Problem to solve:
Reproduce only what lies between the first line of the material below and the line containing "Blick von den", with both of those lines included and every line kept exact.

─── Supplied information ───

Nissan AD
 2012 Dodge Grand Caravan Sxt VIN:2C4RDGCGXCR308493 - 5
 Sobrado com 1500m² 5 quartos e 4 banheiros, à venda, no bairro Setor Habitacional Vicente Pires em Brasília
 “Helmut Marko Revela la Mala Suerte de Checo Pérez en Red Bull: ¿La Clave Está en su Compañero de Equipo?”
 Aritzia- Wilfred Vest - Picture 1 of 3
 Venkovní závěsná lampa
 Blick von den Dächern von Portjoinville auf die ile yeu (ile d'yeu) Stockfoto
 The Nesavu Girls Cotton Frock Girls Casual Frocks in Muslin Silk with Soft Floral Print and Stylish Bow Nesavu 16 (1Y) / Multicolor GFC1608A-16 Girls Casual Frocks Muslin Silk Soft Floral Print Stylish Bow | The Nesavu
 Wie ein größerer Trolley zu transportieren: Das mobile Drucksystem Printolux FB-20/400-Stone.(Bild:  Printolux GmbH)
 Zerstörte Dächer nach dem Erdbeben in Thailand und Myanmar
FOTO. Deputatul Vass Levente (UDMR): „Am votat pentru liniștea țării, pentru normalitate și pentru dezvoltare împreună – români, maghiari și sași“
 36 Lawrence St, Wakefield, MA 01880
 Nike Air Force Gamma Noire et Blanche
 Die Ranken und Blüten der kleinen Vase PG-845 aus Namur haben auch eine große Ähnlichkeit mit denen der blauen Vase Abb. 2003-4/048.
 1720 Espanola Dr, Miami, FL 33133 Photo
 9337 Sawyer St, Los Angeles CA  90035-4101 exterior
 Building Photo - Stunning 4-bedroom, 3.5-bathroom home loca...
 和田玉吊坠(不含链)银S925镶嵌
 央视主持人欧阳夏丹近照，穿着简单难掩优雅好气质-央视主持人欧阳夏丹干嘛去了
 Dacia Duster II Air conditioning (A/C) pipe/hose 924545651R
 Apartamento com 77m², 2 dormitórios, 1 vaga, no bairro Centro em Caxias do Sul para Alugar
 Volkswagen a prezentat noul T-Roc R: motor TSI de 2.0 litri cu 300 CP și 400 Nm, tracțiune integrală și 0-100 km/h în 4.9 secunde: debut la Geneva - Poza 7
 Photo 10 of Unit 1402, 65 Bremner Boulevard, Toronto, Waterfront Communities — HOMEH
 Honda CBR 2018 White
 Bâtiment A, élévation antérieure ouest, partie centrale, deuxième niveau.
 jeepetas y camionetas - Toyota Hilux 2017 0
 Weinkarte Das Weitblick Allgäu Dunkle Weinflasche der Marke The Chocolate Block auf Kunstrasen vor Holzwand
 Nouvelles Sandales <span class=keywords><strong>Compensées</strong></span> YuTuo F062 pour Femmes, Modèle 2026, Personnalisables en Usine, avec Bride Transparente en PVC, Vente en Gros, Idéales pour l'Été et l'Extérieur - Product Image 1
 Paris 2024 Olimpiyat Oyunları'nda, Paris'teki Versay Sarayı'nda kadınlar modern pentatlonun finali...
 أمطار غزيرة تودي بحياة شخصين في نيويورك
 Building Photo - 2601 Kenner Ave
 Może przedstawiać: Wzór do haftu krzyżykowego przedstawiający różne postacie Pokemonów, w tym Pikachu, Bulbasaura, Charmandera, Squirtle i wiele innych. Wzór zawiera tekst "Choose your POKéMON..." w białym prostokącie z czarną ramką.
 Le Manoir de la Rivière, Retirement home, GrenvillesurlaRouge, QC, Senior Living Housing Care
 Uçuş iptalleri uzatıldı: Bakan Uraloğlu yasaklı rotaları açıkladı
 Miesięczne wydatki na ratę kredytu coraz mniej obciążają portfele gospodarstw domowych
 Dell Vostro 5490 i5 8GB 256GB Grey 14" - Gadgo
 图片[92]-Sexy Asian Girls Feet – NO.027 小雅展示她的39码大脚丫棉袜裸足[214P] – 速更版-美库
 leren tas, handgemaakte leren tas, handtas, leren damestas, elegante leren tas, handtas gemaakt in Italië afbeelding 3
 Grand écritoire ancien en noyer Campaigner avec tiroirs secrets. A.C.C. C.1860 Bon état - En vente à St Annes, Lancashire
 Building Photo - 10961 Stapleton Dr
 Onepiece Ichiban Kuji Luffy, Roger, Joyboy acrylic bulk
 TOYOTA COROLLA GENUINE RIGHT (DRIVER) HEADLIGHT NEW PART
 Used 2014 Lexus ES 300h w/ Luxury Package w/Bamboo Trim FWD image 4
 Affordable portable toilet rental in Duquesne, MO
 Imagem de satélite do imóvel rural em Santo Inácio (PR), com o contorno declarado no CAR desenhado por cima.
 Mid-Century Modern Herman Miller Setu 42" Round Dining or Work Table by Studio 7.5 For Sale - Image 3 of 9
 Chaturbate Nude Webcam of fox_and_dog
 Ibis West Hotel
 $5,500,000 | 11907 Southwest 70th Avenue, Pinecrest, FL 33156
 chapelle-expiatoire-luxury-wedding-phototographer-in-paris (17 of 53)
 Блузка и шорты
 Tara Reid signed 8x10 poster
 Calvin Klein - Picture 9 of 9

───

Response:
Nissan AD
 2012 Dodge Grand Caravan Sxt VIN:2C4RDGCGXCR308493 - 5
 Sobrado com 1500m² 5 quartos e 4 banheiros, à venda, no bairro Setor Habitacional Vicente Pires em Brasília
 “Helmut Marko Revela la Mala Suerte de Checo Pérez en Red Bull: ¿La Clave Está en su Compañero de Equipo?”
 Aritzia- Wilfred Vest - Picture 1 of 3
 Venkovní závěsná lampa
 Blick von den Dächern von Portjoinville auf die ile yeu (ile d'yeu) Stockfoto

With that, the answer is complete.